"What the attorney general is in fact doing here is seeking to obtain all the benefits to residential customers of the settlement reached with Public Staff but to slough off any burden that's associated with that settlement. It's a package," said Duke Energy's attorney, Kiran Mehta.
Since the utilities commission was created by law to balance several interests and set rates, its decisions are "by definition just and reasonable," Mahta said.
North Carolina's attorneys general have rarely challenged utility rate increases to the Supreme Court. The last time may have been 1988 involving another Duke rate case, said a spokeswoman for Cooper, who took office in 2001.
This case comes at a time that both Duke Energy and the utilities commission are under fire.
Cooper's office and the utilities commission are running separate investigations into whether Duke Energy misled regulators ahead of its takeover of Raleigh-based Progress Energy, which was finalized in July.

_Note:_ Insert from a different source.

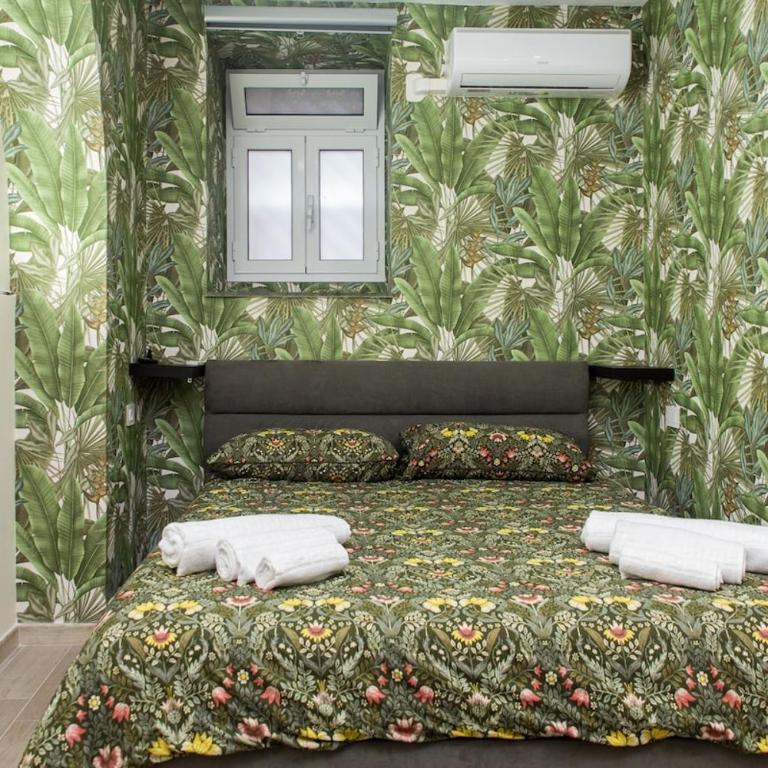 Star house Centro Storico Catania - Casa con 1 Camera da Letto - 16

Hours after the deal was concluded, Duke Energy's board ousted the CEO promised throughout the 18-month process of combining North Carolina's two Fortune 500 energy companies.
Duke Energy now has 7.1 million residential and business customers in North Carolina, South Carolina, Ohio, Kentucky, Indiana and Florida.
The utilities commission was criticized for being too ready to accommodate the company's merger timetable and rushing through its duty to ensure the deal was in the state's best interest.
The electricity giant and its regulator are expected to have multiple rate cases in the coming years as Duke Energy seeks to update its power generation portfolio in "an extended period of extremely large investments," Duke CEO Jim Rogers said last year.